An interview with renowned speaker Bob Willard.
Before Harvard’s Michael Porter coined the theory of “shared value” which means that “societal needs, not just conventional economic needs, define market,” there was Bob Willard.
Since 2002 Willard has written 4 books on why it makes good business sense for companies to embrace sustainability, and thereby improve their profits by at least 51-81%. The business case simply put is to make more money and reduce expenses in seven different areas – above and beyond what companies are already doing, over the next three to five years – and do what’s right for society and the planet.
Willard gave over 100 speeches and webinars last year around the globe to businesses, academia, governments and not-for-profits stirring discussions and steering corporate direction through “the perfect storm” of sustainability issues. His message: “It’s doable and not hard to do. Don’t wait. Do things for the bottom line and do things for society.” He encourages companies to be proactive, know and track their data to make good decisions that are in the best interest of the company, society, and the environment.

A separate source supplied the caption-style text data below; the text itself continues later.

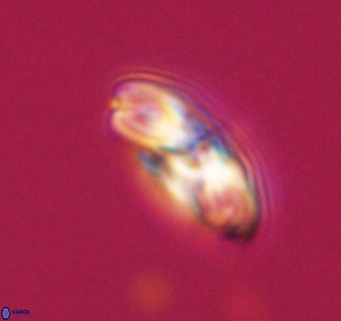 Cribrocentrum reticulatum VR 33787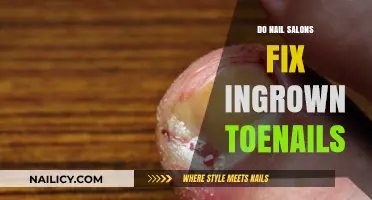 Can Nail Salons Fix Ingrown Toenails? Expert Insights and Advice
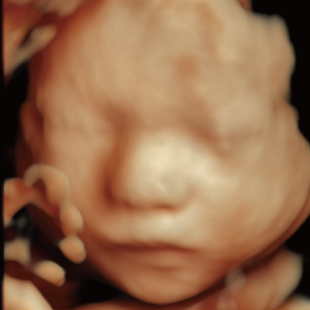 胎児ドックの様子_後期_4D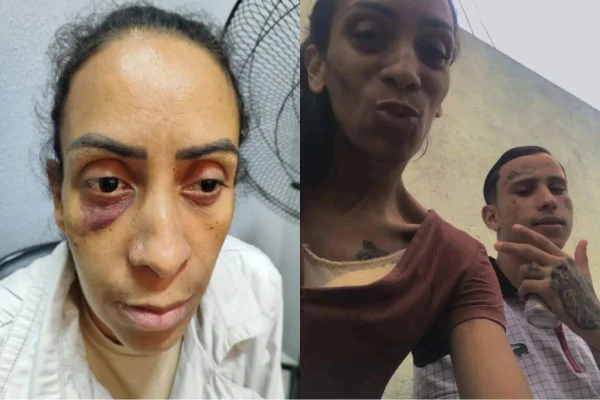 Imagem colorida mostra ferimentos de mulher após agressões do ex - Metrópoles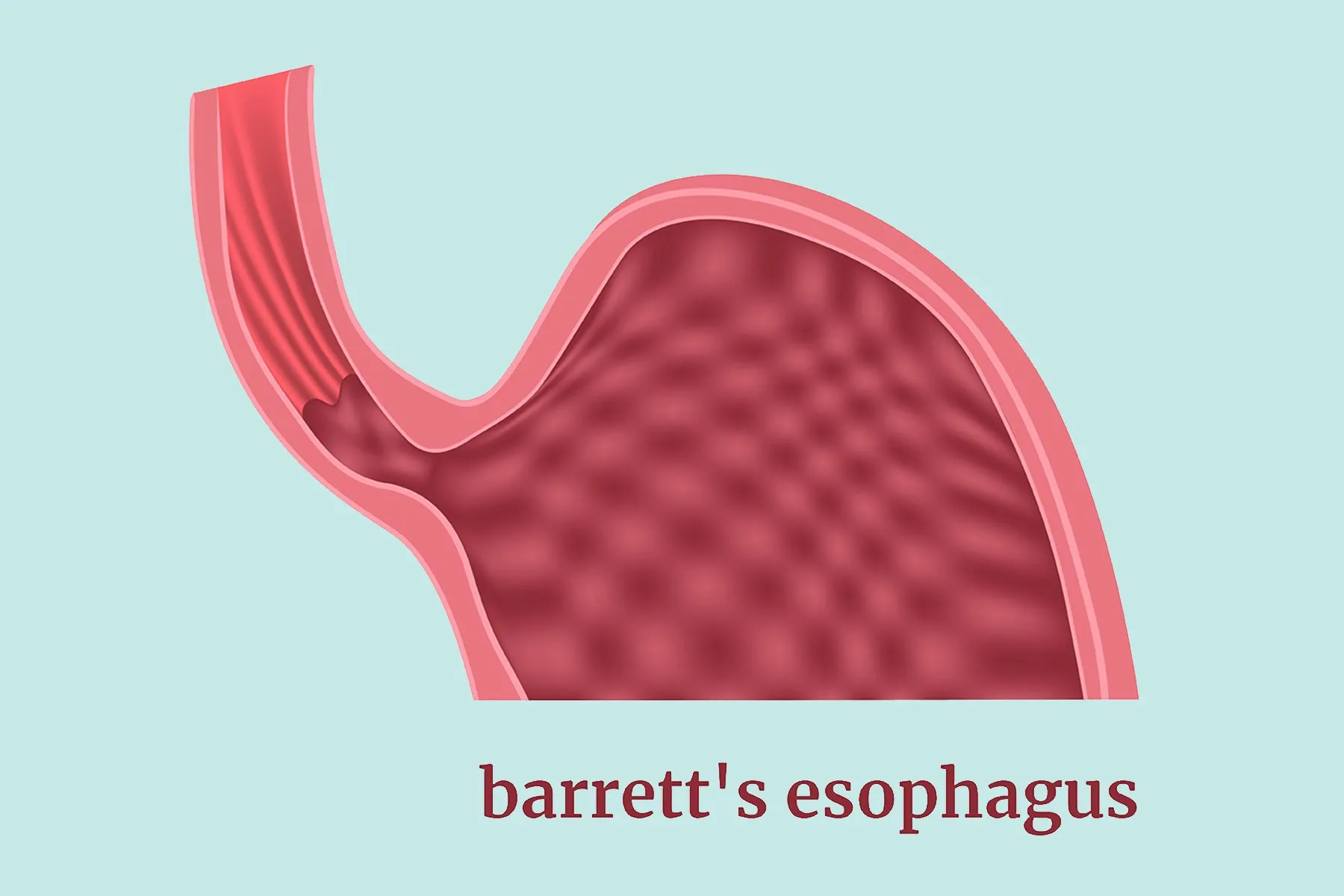Barrett's Esophagus Symptoms, Causes, and Treatments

Evidence of companies doing this successfully and improving their bottom line and society, makes this “a no brainer,” according to Willard. He cites the well-documented case study of Veriform, a manufacturing company in Cambridge, Ontario, Canada. The founder’s goal was simple – reduce the amount of electricity used. He undertook 42 projects and reduced his electricity use by 58% and increased his profit by 76%. His average payback period for all 42 projects – 6.3 months on total investments of $46,186 over three years. Willard disclosed, “I didn’t believe him to tell you the truth. I checked their financial statements which they were good enough to share with me – it was there in black and white.”
Willard has hundreds of examples of these success stories to support his belief that companies should take the reins and take charge of climate change by reducing their carbon footprint to improve business and the planet.
So, what triggered this inspiration?
It was personal. A local water treatment plant issue in the community Willard lived in the 1990s was his wake-up call. He knew he needed to take personal responsibility for things in the environment that were impacting him and his family – directly and indirectly. His years in business at IBM provided the foundation for his approach, “I knew governments couldn’t do this on their own. Businesses had to get involved, but how? Corporate executives have to stay focused on what benefits their companies or they’ll get fired. Sustainability had to provide a competitive advantage – and it does.”
His advice to business advisors helping companies achieve this competitive advantage is to build trust. “Be credible. Stay credible,” he explains. “Know your stuff and know their business code; keep your expertise up-to-date. You can’t be a wide-eyed tree hugger.”
And his advice to company executives, “get comfortable doing the right thing – it’s not a sustainability sacrifice but a sustainability advantage.” Companies can start their sustainability analysis by using the free simulator on Willard’s website. Just plug in 7 financial numbers. It’s all about the data.